Any hospital department that was treating too few patients to cover its costs risked compromising the quality of care, he said. Some maternity and paediatric units, which are very costly to run, might be merged or relocated, while A&E departments could be downgraded to minor injury units if they had a small number of serious cases that could be sent elsewhere.

“People need to know where they are making money or losing money. If you find a service where the income can’t cover the cost, you may eventually have to question whether the income is ever going to be sufficient, and whether this is in fact the wrong activity for the hospital.

“In quite a lot of places the number of births is too small to support the cost of giving a high-quality service. You have three choices: increase the flow of patients, move the service elsewhere or stay as you are and risk compromising the care.”

Mr Moyes, who oversees the regulation of finances and governance of England’s 125 flagship foundation trusts, said that as well as focusing on core departments, trusts would need to consider stripping out “uneconomic” facilities such as pathology laboratories and scanning units in some hospitals that were being used for very small numbers of patients.

“There may be surplus assets — buildings, land, equipment, stuff they think they might need in years to come under their development plans — and in some cases working in a much smaller physical space and disposing of all the hospital penumbra that can be brought into the main building.”

Mr Moyes said he had requested that foundation trust chief executives resubmit a “downside assessment” — stripping back their budgets — to get a more realistic grasp of the funding pressures they faced. He said that he was disappointed when, on being asked to revise their financial predictions in September, a number of trusts had resubmitted even more rosetinted forecasts of growth.

“You can’t assume everything will go well and if a problem arises the Department of Health will bail you out,” he said.

His warnings were echoed yesterday by Sir David Nicholson, the chief executive of the NHS, who described the coming years as “extremely challenging”. Giving evidence to the Commons Health Select Committee, Sir David warned of pay cuts and service reorganisation. “It is going to be very tough,” he said, adding that tighter budgets would mean the 1 per cent pay cap demanded by the Treasury would be treated by NHS managers as a maximum rise, not an entitlement. His comments came a day after inflation hit 2.9 per cent when unions are already angry over a pay freeze on council workers.

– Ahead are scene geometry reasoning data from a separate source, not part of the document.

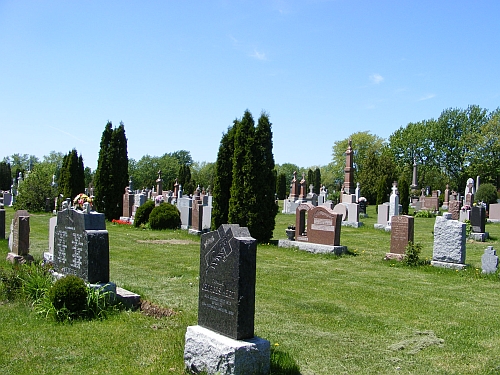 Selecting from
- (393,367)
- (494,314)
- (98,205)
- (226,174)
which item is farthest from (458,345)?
(98,205)

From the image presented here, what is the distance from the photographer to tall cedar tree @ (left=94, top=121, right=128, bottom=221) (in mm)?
28578

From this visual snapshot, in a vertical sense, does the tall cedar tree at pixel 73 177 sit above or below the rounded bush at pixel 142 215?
above

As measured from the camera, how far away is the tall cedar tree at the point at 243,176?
1712cm

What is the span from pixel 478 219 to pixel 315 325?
618 inches

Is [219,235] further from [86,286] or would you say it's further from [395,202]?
[395,202]

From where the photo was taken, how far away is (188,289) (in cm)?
905

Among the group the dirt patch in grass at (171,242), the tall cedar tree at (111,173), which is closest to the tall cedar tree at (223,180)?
the dirt patch in grass at (171,242)

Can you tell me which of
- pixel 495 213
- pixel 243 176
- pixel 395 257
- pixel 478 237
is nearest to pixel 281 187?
pixel 495 213

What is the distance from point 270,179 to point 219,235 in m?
12.4

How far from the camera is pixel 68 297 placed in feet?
22.5

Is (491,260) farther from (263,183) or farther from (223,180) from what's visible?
(223,180)

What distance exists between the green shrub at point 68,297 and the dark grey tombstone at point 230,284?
259cm

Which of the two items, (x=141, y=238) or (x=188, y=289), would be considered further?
(x=141, y=238)

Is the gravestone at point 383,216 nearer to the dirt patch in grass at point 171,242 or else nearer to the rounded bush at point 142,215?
the dirt patch in grass at point 171,242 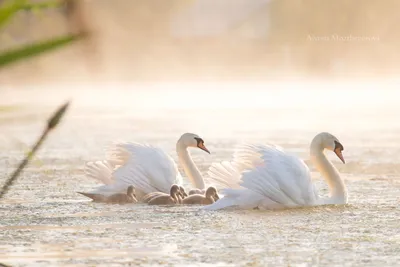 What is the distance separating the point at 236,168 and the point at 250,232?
1697 millimetres

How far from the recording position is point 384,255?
568cm

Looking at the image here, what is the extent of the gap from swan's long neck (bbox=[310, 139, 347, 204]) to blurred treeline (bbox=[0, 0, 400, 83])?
32788mm

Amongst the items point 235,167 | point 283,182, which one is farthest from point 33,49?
point 235,167

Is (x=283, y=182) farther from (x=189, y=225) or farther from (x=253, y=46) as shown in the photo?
(x=253, y=46)

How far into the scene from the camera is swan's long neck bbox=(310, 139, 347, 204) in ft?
27.2

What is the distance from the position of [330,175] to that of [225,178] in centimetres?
85

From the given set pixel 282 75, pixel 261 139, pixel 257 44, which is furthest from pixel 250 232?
pixel 257 44

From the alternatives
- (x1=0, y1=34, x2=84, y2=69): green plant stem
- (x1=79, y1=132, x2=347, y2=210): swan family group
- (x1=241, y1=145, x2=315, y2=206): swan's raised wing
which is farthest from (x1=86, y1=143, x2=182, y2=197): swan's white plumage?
(x1=0, y1=34, x2=84, y2=69): green plant stem

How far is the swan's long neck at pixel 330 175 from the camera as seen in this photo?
829 centimetres

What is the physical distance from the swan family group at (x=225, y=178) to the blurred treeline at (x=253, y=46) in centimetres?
3232

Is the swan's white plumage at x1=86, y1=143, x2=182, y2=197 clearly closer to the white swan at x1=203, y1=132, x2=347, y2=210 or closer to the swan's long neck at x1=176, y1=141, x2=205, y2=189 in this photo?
the swan's long neck at x1=176, y1=141, x2=205, y2=189

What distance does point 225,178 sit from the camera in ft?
28.0

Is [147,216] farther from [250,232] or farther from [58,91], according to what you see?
[58,91]

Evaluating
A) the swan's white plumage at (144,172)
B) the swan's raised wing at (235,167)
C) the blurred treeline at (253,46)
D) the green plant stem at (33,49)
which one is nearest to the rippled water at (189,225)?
the green plant stem at (33,49) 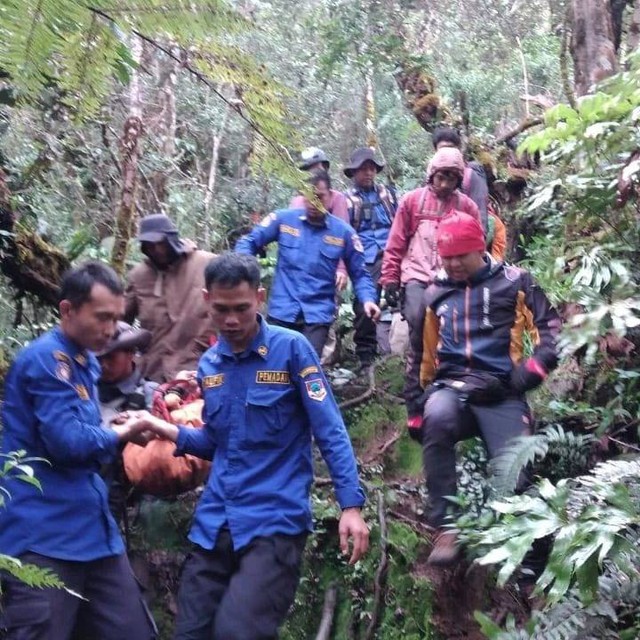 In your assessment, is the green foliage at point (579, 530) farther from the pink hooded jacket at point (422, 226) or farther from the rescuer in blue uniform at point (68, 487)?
the pink hooded jacket at point (422, 226)

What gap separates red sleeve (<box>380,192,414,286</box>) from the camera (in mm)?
6879

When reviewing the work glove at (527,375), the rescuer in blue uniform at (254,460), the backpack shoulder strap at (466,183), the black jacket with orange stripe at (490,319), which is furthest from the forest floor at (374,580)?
the backpack shoulder strap at (466,183)

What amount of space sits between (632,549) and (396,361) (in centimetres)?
539

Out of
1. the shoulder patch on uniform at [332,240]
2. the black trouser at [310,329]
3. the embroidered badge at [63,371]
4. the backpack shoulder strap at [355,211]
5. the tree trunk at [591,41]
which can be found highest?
the tree trunk at [591,41]

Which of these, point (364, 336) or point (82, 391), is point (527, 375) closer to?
point (82, 391)

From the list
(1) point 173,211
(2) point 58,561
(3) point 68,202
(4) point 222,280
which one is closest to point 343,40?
(1) point 173,211

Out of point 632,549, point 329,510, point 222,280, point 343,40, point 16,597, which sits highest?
point 343,40

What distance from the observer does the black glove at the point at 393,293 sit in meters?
7.17

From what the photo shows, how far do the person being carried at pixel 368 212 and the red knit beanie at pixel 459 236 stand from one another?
3681 mm

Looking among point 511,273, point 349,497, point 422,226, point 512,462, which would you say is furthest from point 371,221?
point 349,497

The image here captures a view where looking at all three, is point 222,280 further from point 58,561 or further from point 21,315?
point 21,315

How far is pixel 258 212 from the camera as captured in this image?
14773mm

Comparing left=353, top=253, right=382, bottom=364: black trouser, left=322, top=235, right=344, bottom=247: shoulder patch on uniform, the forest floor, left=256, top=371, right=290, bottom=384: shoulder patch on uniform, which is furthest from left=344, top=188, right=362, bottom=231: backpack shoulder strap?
left=256, top=371, right=290, bottom=384: shoulder patch on uniform

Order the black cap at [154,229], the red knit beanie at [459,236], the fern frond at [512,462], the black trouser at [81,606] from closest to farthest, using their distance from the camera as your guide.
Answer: the black trouser at [81,606]
the fern frond at [512,462]
the red knit beanie at [459,236]
the black cap at [154,229] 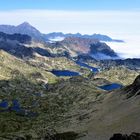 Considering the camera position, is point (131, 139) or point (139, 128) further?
point (139, 128)

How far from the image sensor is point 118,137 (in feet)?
511

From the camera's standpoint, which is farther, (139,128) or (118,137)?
(139,128)

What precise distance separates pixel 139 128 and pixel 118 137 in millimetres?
46280

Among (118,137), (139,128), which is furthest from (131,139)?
(139,128)

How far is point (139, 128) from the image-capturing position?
7844 inches

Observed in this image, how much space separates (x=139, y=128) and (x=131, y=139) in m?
50.1

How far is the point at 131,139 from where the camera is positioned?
494 ft

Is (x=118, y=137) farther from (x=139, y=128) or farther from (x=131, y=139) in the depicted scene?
(x=139, y=128)

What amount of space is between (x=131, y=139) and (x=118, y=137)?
6.73 m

“There is essentially a trade-off between pay and numbers of jobs,” he told the committee. “In a cash-limited system, that is the big unknown for us. We need to talk through with the trade unions and staff associations about what that trade-off is.”

Sir David has previously warned that the NHS would have to find productivity and efficiency savings of between £15 billion and £20 billion over the three years 2011-12 to 2013-14.

The head of the Audit Commission added to the debate, saying that political pledges to safeguard spending on health and education were “insane”.

Steve Bundred told the Commons public administration committee that billions would have to be saved. “It seems to me absurd to imagine that the only services where no efficiencies can be found are those that have been the most generously funded for ten years,” he said.

Mr Moyes said he thought that an “unintended benefit” of future economic turbulence would be to heighten hospitals’ understanding that they had to operate with a robust business model.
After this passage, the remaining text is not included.